John Harris, professor of biology from 1986 to 2013, explains how hands-on experience gives students a chance to look at something up close that they might not otherwise notice. “If you see a bird outdoors, you may get just a fleeting glimpse, or at a great distance. In my bird classes, I would put out a selection of specimens so students could understand how different bill shapes correspond with feeding habits, or what it means to have different toe patterns, webbing, and other adaptations.”

Faculty members in biology use the collection extensively to illustrate a variety of ecological and evolutionary concepts. “In looking at these examples, students learn the characteristics of each animal and what makes it unique,” says Smith. “The physical structures of related species illustrate their shared evolutionary origins, and different adaptations show how animals have developed specialized traits for feeding, locomotion, and reproduction. You can look at a stuffed possum and a possum skull to see different layers of the organism and learn how they cope with their world.”

All of this provides a useful supplement to textbook learning and field observations. “It’s one thing to see a picture, and another thing to see an animal live from a distance—but it’s entirely different to see it close and understand all the structural things or to notice the differences between species in real life,” says Lauren Burke, a senior double-majoring in biology and economics. “Having the real thing just hits the point home.”

Professor Jenn Smith shows Sandeep Sagoo ’16 the extensive bone structures
and massive carnassial teeth that give the spotted hyena its powerful bite.

Collections also allow for real quantitative studies, some of which hadn’t even been imagined when the original sample was collected. “You can get a DNA sample from a feather and do important genetic research on a species by using something taken from a specimen rather than going out to the field and collecting a live animal,” says Harris. “You can look at things that are extinct or very rare by accessing a specimen or assess changes in species and populations over time.”

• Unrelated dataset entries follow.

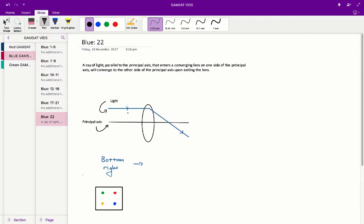So what does that mean? Basically, if we have light on one side of this principal axis, in this case the upper side, and it enters this converging lens, the converging lens is going to bend this light and it's going to converge towards the other side of that principal axis.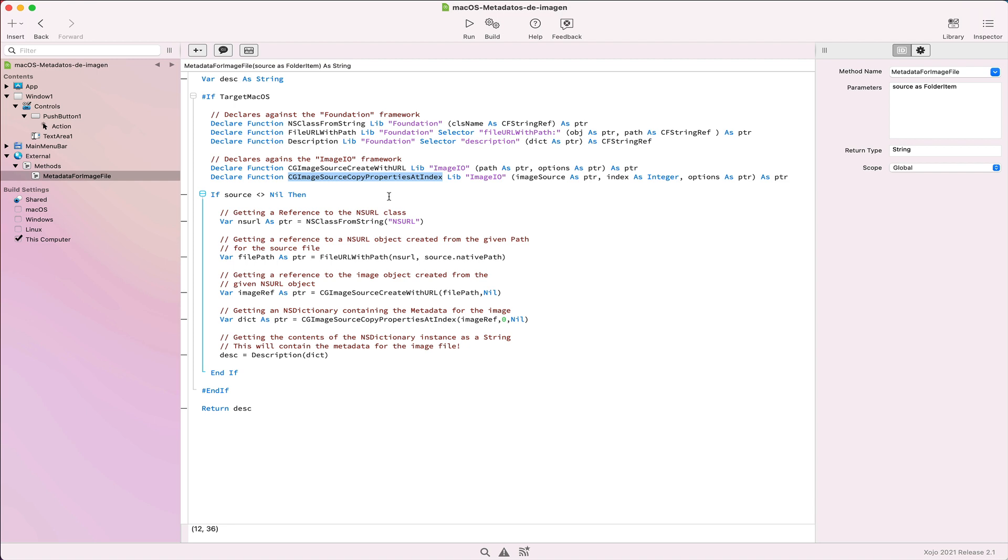As is the case with the Xojo dictionary, an NSDictionary stores the information as key value pairs. Finally, we only need to send the description method on the NSDictionary object in order to retrieve all of the stored information as a string.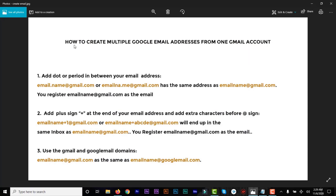The first method: you can add a dot or period in between your email address. So let's say your email address is emailname@gmail.com — you can put a period anywhere before the @ sign. For example: email.name, or e.mail.name, or different variations. By creating variations like that, you can have up to 12 different variations of that email address, and everything gets sent to that one email address.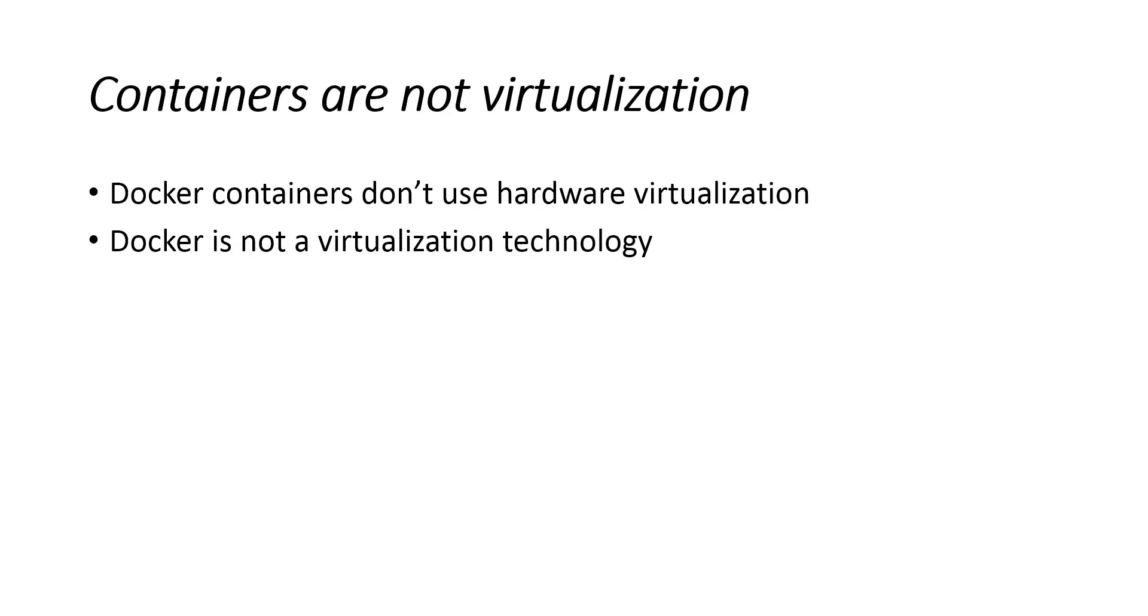Because there is no additional layer between the program running inside the container and the computer's operating system, no resources are wasted by running redundant software or simulating virtual hardware.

And the power of these specimens to spark enthusiasm cannot be overestimated. “The hawks and falcons—all the raptors—are really cool. I love how gnarly their feet are and how sharp their bills are,” says Burke. “The kingfishers and hummingbirds have the most beautiful colors, their plumage is just incredible. And the pelican… well, you don’t think about how funny looking a pelican is until you stare at it for a while!”

“Of course, everyone coming into the Vertebrate Lab, where the collection is housed, is intrigued by the diverse array of specimens out on display,” adds Smith. “Everywhere you turn there’s something fun and interesting and distracting.”

The origins of the collection date back to the earliest days of the College. Professor of Natural History Josiah Keep, who taught from 1885 until 1911, was a deeply religious man who found divine handiwork in studying the marvels of nature. He wrote and illustrated several volumes on the mollusks of the Pacific and collected thousands of seashells over his lifetime. After his death, the bulk of his personal collection was distributed to Tohoku University in Japan, UC Berkeley, and other institutions, but many remained at Mills.

Along with Keep’s marine invertebrates, the collection currently includes a wide variety of insects, reptiles, and amphibians, along with 74 different mammal species and nearly 400 species of birds—which are one of the strong points of the collection. Harris estimates that nearly half of the birds were collected and prepared by Howard Cogswell, who taught at Mills through the 1950s while completing his doctorate at UC Berkeley. Cogswell went on to teach at California State University, Hayward; was elected director of the East Bay Regional Parks District; and was an important figure in the restoration and protection of salt marshes and shorelines in San Francisco Bay. His book, Water Birds of California, is still considered the standard field guide for water birds in the state.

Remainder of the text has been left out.